Wallowing in Walsall
The past is a foreign country; they do things differently there.
Walsall is not a glamorous town, but it’s the closest thing I have to a hometown. Whenever I return, I tend to drive aimlessly along the streets that formed the geography of my youth. Since my parents left the area three years ago, visits have become rarer, and so this place grows ever more alien. Retail park regeneration. High street desolation. New road layout ahead.
This week I was back in Walsall to attend the funeral of my friend Kris. The chapel was packed, the music appropriately cheesy, Lewis and Jon’s eulogies both touching and amusing.
On Wednesday evenings, myself, Kris and others would often go swimming at Oak Park Leisure Centre in Walsall Wood. Seeing as the funeral fell on the same day, I decided to return for one final swim; an opportunity to reminisce in familiar surroundings, to soak in the memories.

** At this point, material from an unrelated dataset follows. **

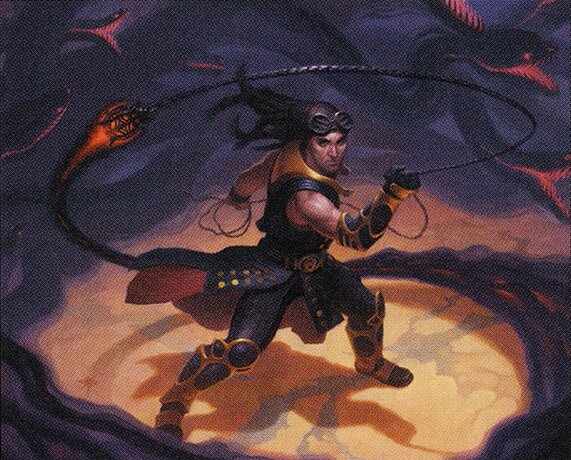 Chainer, Nightmare Adept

Driving past a new ‘active living’ centre, I approached the old building only to find that it had been razed, with little evidence of it ever existing. I wasn’t looking for a metaphor, but with a small pile of rubble sat before me, here it was.
You can’t revisit the past. Attempts to recreate it are rarely helpful, but for a while it was possible. Now, with friends gone and buildings demolished, the present is no longer a continuation of the past. That time and that place is now fixed solid, locked away for safe keeping.